◆ To do ◆
The expected answer is the complete listing, reproduced character for character.

◆ Source material ◆
--------------------

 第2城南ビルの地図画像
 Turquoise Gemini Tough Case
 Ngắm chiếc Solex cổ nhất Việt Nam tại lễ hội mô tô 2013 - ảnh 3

--------------------

◆ Reply to the exercise ◆
 第2城南ビルの地図画像
 Turquoise Gemini Tough Case
 Ngắm chiếc Solex cổ nhất Việt Nam tại lễ hội mô tô 2013 - ảnh 3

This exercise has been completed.